++++ INPUT FOR THIS TASK

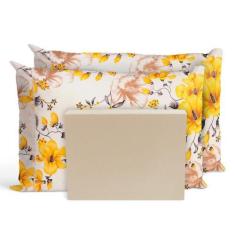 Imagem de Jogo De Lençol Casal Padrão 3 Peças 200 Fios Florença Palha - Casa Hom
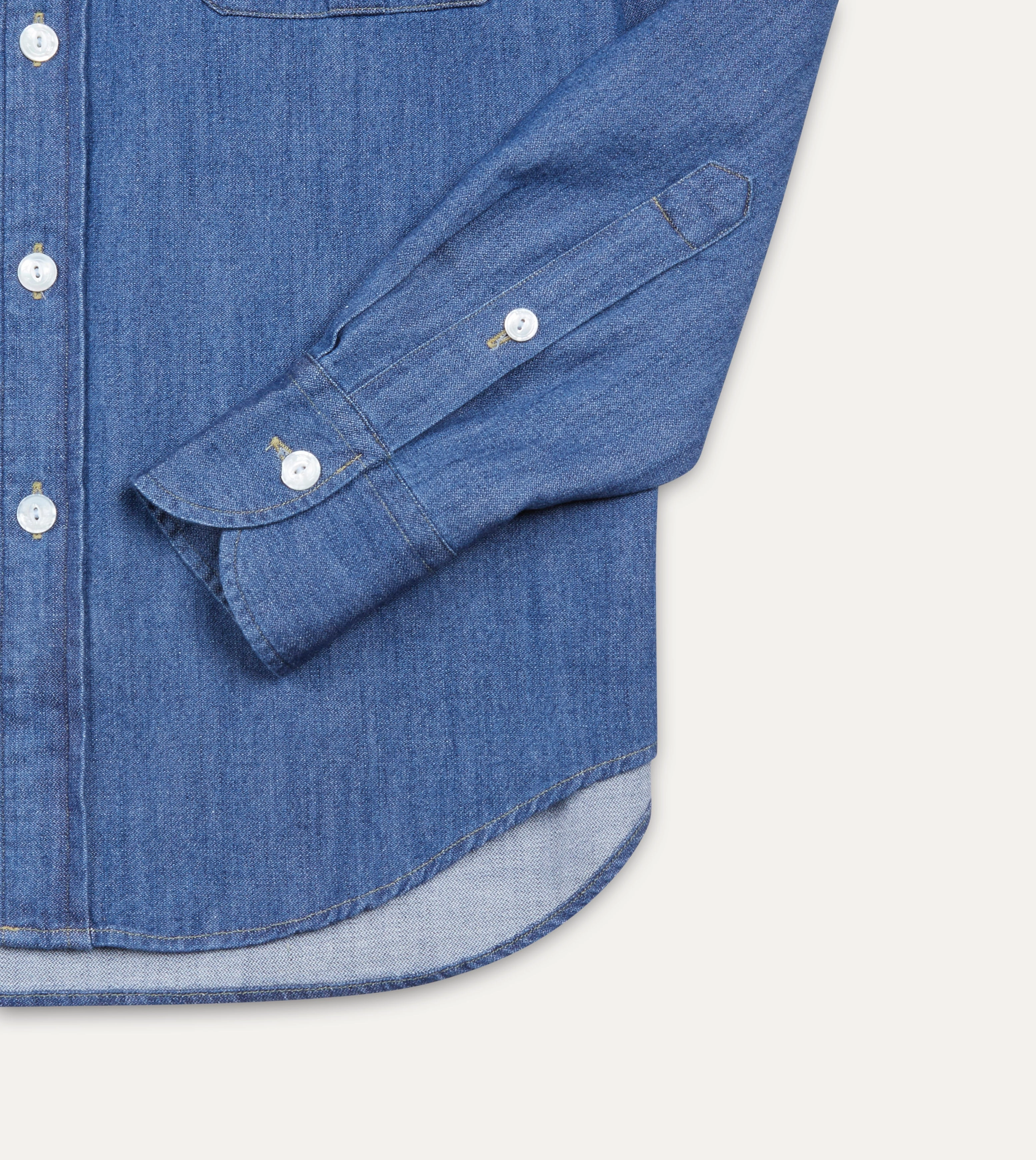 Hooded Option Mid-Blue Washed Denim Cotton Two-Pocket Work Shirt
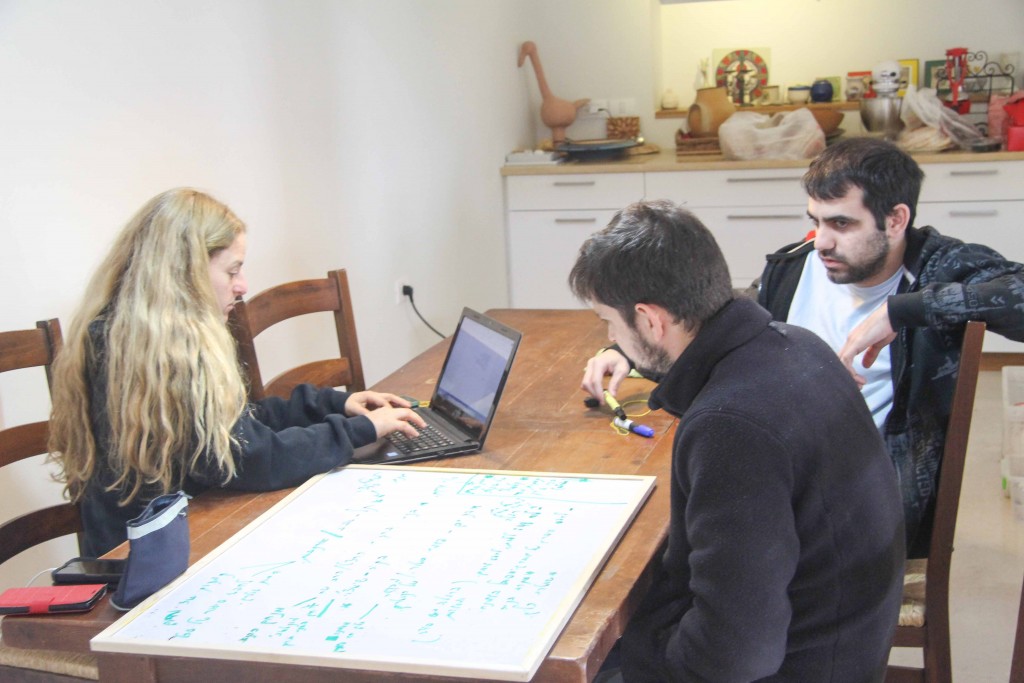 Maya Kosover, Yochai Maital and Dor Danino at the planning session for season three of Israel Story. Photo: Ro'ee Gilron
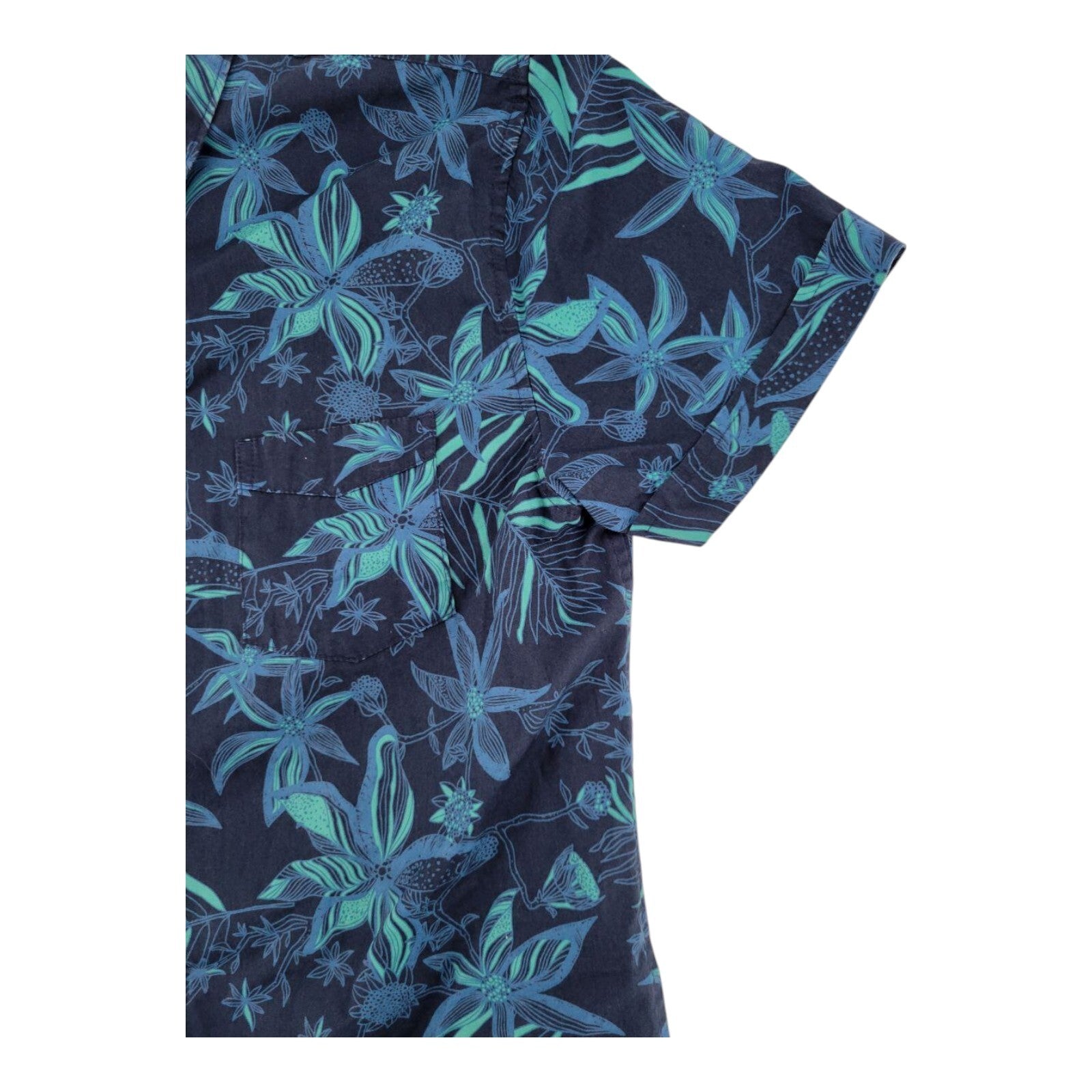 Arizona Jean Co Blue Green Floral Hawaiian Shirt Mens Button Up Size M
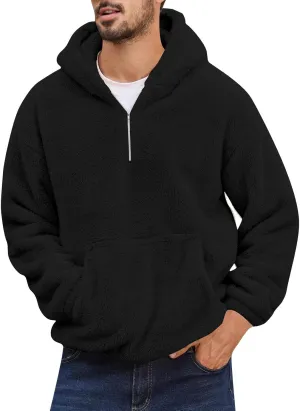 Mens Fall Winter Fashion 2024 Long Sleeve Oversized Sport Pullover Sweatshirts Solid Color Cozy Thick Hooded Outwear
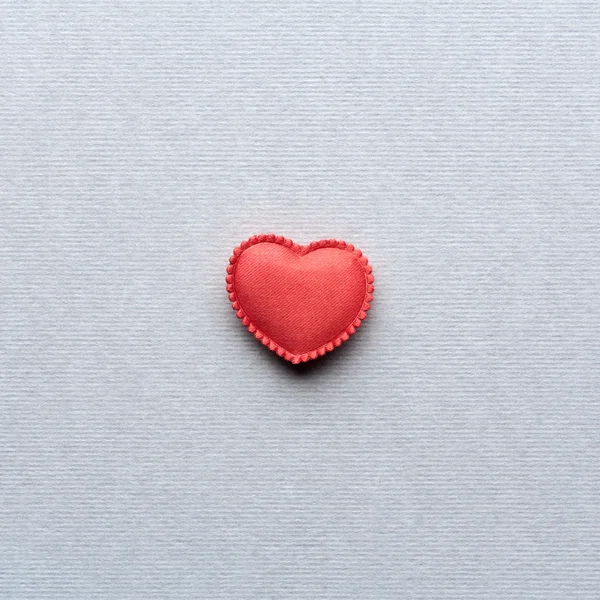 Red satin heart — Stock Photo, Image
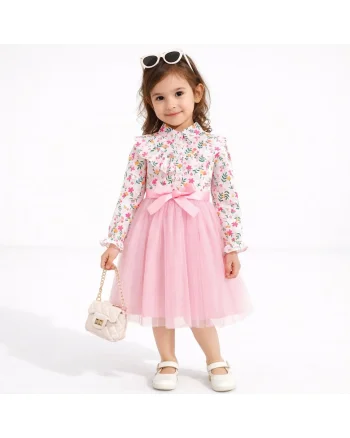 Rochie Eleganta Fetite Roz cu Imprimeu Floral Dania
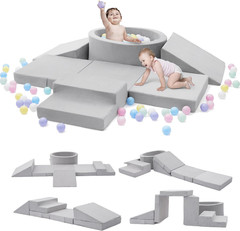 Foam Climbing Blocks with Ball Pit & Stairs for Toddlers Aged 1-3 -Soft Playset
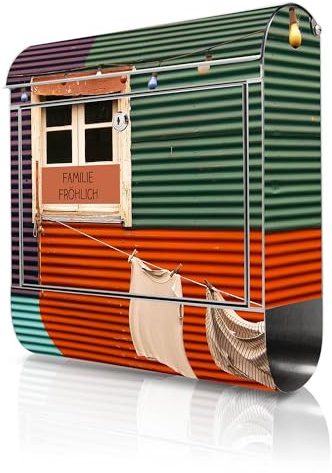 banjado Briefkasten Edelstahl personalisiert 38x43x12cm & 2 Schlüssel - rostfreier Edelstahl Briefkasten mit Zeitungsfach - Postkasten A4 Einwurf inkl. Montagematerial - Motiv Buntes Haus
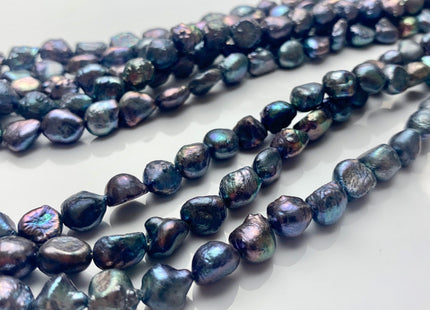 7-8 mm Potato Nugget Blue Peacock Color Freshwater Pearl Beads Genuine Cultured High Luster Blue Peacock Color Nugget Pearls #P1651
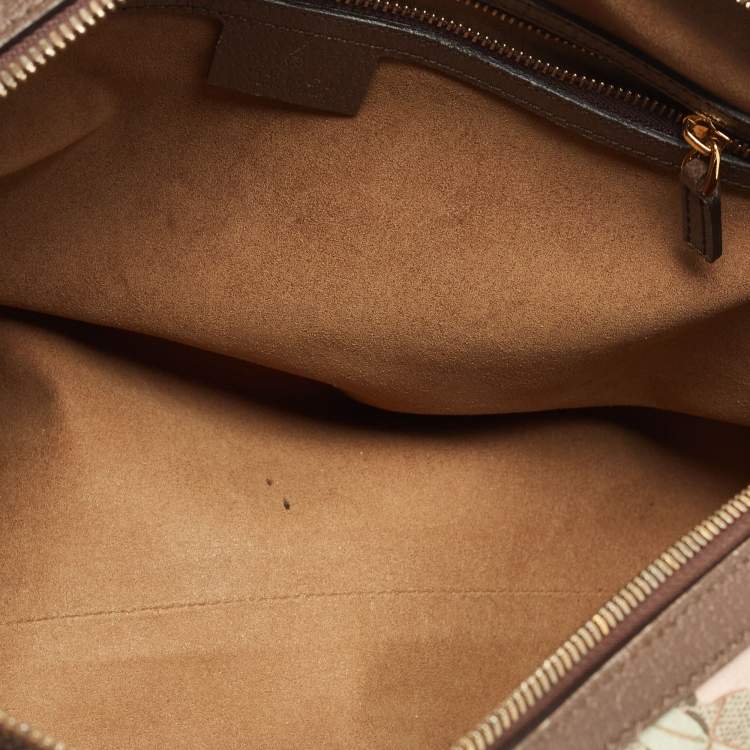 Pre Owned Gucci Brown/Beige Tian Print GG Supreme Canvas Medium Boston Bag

++++++++

- WORK REQUIRED -
The lines to copy run from the line containing "Red satin heart — Stock Photo, Image" through the end of the data above; copy exactly those, minus the pictures.

- WRITTEN SOLUTION -
 Red satin heart — Stock Photo, Image
 Rochie Eleganta Fetite Roz cu Imprimeu Floral Dania
 Foam Climbing Blocks with Ball Pit & Stairs for Toddlers Aged 1-3 -Soft Playset
 banjado Briefkasten Edelstahl personalisiert 38x43x12cm & 2 Schlüssel - rostfreier Edelstahl Briefkasten mit Zeitungsfach - Postkasten A4 Einwurf inkl. Montagematerial - Motiv Buntes Haus
 7-8 mm Potato Nugget Blue Peacock Color Freshwater Pearl Beads Genuine Cultured High Luster Blue Peacock Color Nugget Pearls #P1651
 Pre Owned Gucci Brown/Beige Tian Print GG Supreme Canvas Medium Boston Bag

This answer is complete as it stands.